Kim describes Pocock as "a wonderful lady" who helped people from other countries wanting to live in Canada. When Pocock, a Quaker from the Toronto area, found out Kim was the "girl in the picture," she was elated. "She was so happy, because she knew that picture. Because of that picture, she stood against the Vietnam War. I said, 'You know, that little girl is me.'"
When Kim speaks of Pocock, her voice chokes up. Pocock, who Kim still calls 'Mom,' died two years ago. "She had such wonderful compassion and she just helped. She doesn't care about who you are, which country you're from, what you do, no political ideas, nothing. She just cared."
"My dream was I just wanted to have freedom, go to school, find a job and build my family like everyone else, and to escape the famous picture that cost my life so much," Kim recalls. After some time, however, she brought an idea to Pocock. "I said, 'Mom, I want to work on that picture, now I have freedom, I can say no, I can say yes, that is a big difference.' Mom said, 'Oh, at the beginning you said you don't want anybody to know you anymore, you say publicity is not good for you.' But I said, 'Mom, now is so different. Everybody knows that picture, but nobody know about what happened to that little girl. Now I can learn how to forgive those that caused me suffering. I want to share with people.'" Kim says Pocock opened doors for her to begin to realise this new dream.
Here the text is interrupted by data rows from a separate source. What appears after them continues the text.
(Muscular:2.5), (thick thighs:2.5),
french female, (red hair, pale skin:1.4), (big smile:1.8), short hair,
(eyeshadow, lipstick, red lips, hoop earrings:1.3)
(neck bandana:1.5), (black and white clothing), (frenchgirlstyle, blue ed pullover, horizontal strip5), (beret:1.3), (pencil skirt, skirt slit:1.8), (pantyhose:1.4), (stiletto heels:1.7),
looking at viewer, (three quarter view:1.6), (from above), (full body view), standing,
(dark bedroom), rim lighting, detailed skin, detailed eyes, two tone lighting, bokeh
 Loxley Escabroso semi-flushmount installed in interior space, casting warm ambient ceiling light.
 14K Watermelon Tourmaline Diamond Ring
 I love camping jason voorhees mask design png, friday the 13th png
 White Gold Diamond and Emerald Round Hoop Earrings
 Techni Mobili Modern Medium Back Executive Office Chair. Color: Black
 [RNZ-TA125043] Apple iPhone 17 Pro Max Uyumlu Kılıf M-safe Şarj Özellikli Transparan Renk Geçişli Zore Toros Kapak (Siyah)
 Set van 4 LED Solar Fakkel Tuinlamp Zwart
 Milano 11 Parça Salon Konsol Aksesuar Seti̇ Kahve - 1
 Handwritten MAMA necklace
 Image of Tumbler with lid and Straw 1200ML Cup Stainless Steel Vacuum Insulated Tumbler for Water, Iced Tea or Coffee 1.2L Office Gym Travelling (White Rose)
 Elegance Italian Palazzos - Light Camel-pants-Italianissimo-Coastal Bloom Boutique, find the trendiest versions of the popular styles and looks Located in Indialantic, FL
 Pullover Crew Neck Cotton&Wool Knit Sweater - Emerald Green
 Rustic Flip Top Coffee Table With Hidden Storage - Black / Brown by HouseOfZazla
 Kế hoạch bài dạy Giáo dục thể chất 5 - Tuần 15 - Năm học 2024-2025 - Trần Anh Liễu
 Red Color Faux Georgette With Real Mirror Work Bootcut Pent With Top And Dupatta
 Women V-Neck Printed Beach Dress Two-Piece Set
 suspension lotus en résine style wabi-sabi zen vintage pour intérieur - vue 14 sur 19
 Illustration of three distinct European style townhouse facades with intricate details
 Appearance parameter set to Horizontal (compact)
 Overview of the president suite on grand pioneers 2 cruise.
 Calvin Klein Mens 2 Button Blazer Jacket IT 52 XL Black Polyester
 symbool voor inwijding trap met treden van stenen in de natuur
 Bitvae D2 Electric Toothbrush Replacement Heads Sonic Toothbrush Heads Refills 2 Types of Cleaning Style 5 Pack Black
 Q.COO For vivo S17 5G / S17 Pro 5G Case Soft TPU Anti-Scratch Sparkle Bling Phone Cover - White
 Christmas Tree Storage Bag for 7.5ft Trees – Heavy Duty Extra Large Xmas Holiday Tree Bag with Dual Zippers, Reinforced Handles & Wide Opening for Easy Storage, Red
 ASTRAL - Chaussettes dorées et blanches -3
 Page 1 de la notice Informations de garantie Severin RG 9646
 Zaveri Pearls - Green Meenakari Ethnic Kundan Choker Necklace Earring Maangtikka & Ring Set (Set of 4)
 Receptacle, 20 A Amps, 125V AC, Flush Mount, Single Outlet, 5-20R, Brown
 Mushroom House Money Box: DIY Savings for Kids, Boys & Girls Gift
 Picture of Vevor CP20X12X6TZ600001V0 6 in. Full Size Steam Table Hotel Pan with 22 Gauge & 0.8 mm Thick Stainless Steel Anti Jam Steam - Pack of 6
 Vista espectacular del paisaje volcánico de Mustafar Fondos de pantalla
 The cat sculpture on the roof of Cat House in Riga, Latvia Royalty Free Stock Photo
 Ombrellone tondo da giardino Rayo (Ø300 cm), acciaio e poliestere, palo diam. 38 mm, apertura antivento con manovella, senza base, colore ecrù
Today, Kim is able to share how Christ helped her find forgiveness as she speaks around the world. She had read Luke 6:27-28 where Jesus says, 'Love your enemies, do good to them that hate you.' "I couldn't do it; I cried to God, 'How can I love my enemy? I'm a human being; I have so much pain, so much suffering, scars all over my body.' But I just prayed that God would help me learn how to forgive my enemies and love them. Finally, I got it. It's not like a formula -- you make it, drink it, and then you have it. I have to pray daily, working on that, casting all to God. But since he cleaned my heart, I feel free from anger, hatred, bitterness, no more fear anymore." Kim says she tells her mother, "Mommy, that little girl, she's not running anymore, she's flying."
"Psalm 118:17 says, 'I shall not die, but live to declare the works of the Lord,'" Kim says. "God let me be alive; he helped me to forgive. Because of his love, I really believe he can use me beyond that picture. I don't have everything, but I have something I can use for the Lord."
The Kim Foundation, with offices in Toronto, Montreal, and Chicago, is currently raising funds for the children of New York and Afghanistan. The Foundation also focuses on eradicating land mines, and funds hospital supplies, medication, prosthetic and orthopaedic devices, wheelchairs, and psychological and trauma therapy for children of war.